> Problem to work on
Below this line is the material. Write out only its lines from the one containing "LM1875 power amplifier" through the one containing "Bad Witch Tarot", both kept, exactly.

> Records for the task
________________________________________
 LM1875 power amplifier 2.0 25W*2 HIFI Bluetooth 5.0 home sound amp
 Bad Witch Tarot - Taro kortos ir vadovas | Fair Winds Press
________________________________________
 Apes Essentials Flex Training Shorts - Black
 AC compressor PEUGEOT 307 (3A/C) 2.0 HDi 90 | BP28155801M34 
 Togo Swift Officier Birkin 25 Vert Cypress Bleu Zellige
________________________________________
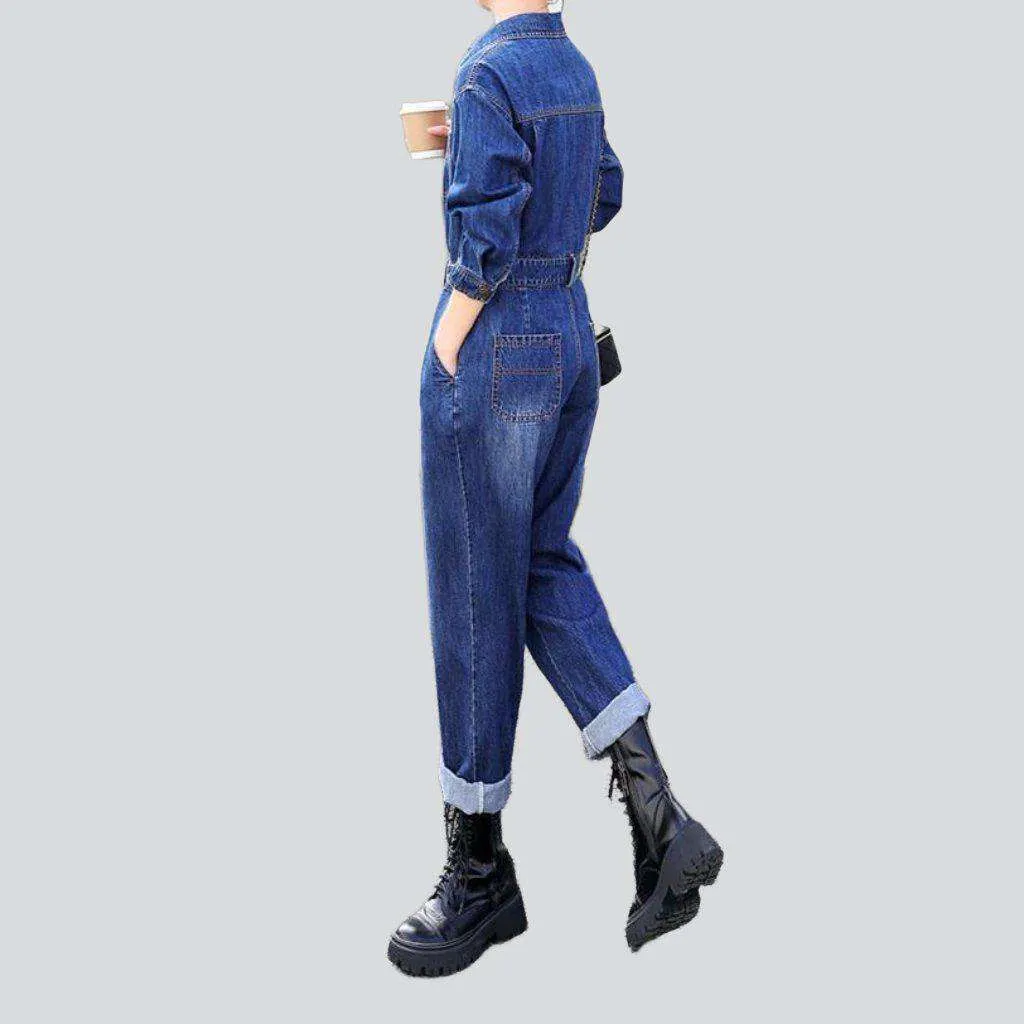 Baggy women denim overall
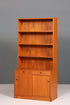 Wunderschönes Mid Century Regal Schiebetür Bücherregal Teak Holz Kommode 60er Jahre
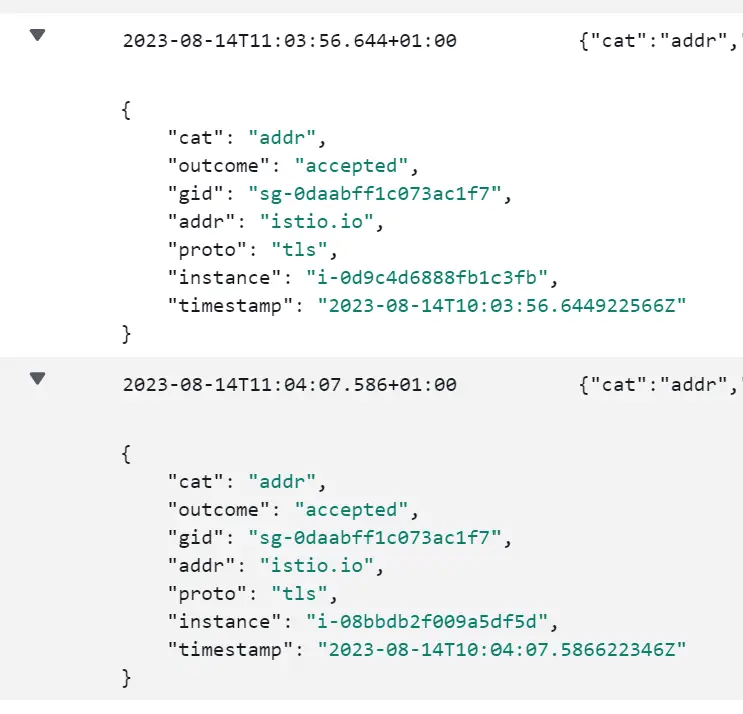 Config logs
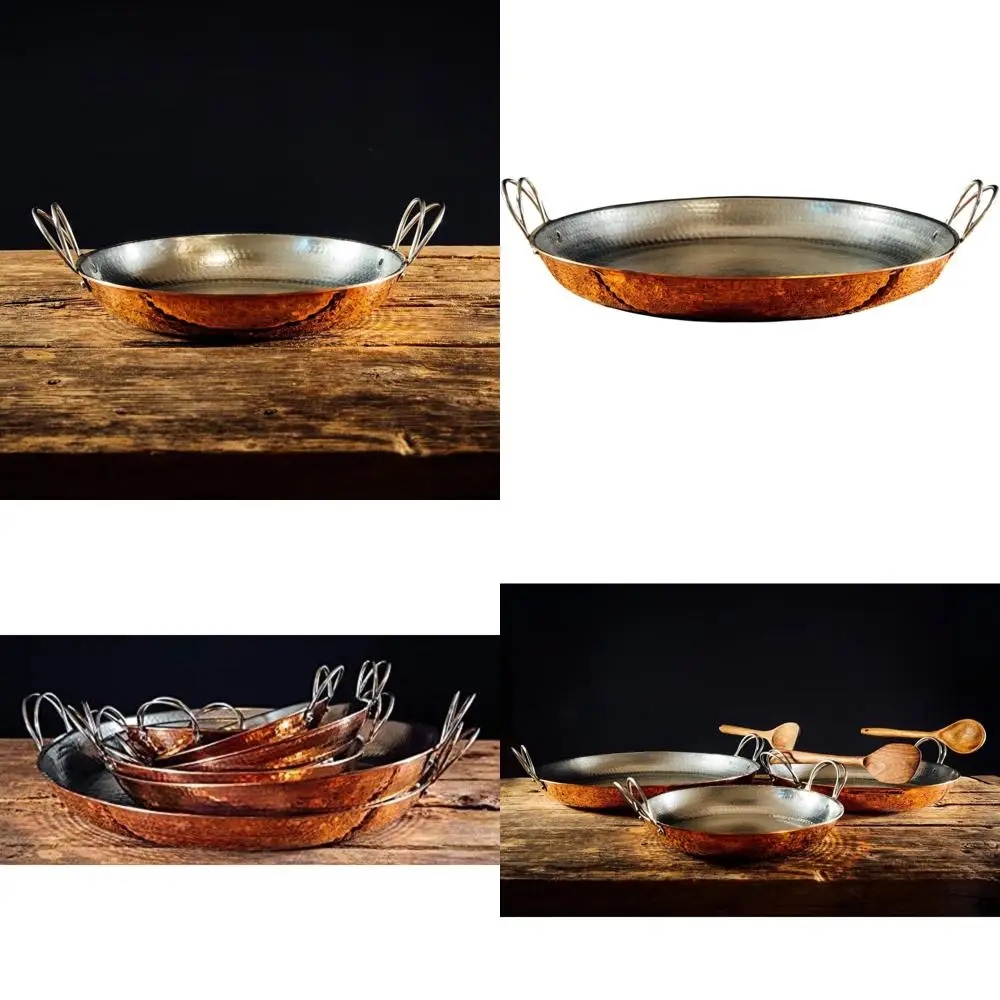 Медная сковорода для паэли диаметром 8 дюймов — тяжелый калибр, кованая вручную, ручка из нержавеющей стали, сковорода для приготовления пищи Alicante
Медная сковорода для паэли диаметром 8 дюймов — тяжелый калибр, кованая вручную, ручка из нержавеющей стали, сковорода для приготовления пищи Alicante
________________________________________
> Response below
 LM1875 power amplifier 2.0 25W*2 HIFI Bluetooth 5.0 home sound amp
 Bad Witch Tarot - Taro kortos ir vadovas | Fair Winds Press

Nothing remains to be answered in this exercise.